It wasn’t just football that suffered. World number one and New Zealand tennis player Tony Wilding was killed by shell fire. England’s rugby captain Ronnie Poulton-Palmer was killed at Ploegstreert Wood. Around 34 county cricketers were killed in combat, including the Warwickshire all-rounder Percy Jeeves. It is said that P.G. Wodehouse’s character Jeeves was named after him. Wodehouse had been a great fan.

The same thing happened during World War Two, though many sportsmen were not posted to frontline positions like their previous generation. High-profile footballers like Tom Finney served in Monty’s Eighth Army in North Africa and Stan Matthews served his time in the RAF. Not all were fortunate, Hedley Verity, the Yorkshire and English spin-bowler was killed in action at Monte Cassino and the Ajax footballer Eddy Hamel was murdered in Auschwitz in 1943.

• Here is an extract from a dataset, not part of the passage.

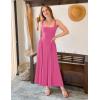 ZESICA Womens 2026 Summer Sleeveless Square Neck Sundress Casual Long Flowy A Line Beach Vacation Maxi Dresses(Rose)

War is no longer fought on such grand theatres and mass enlistment/national service no longer exists. It is no use to ask hypothetical questions of whether today’s professionals would do the same, it is best to reflect that these men represented their countries at the highest level in sport and delayed their careers for more purposeful causes, often with their lives’. Their stories paint ones of humility and heroism, Premiership footballers may play in hostile arenas in Europe; but ultimately it was nothing like Ypres, Passchendaele or the Somme.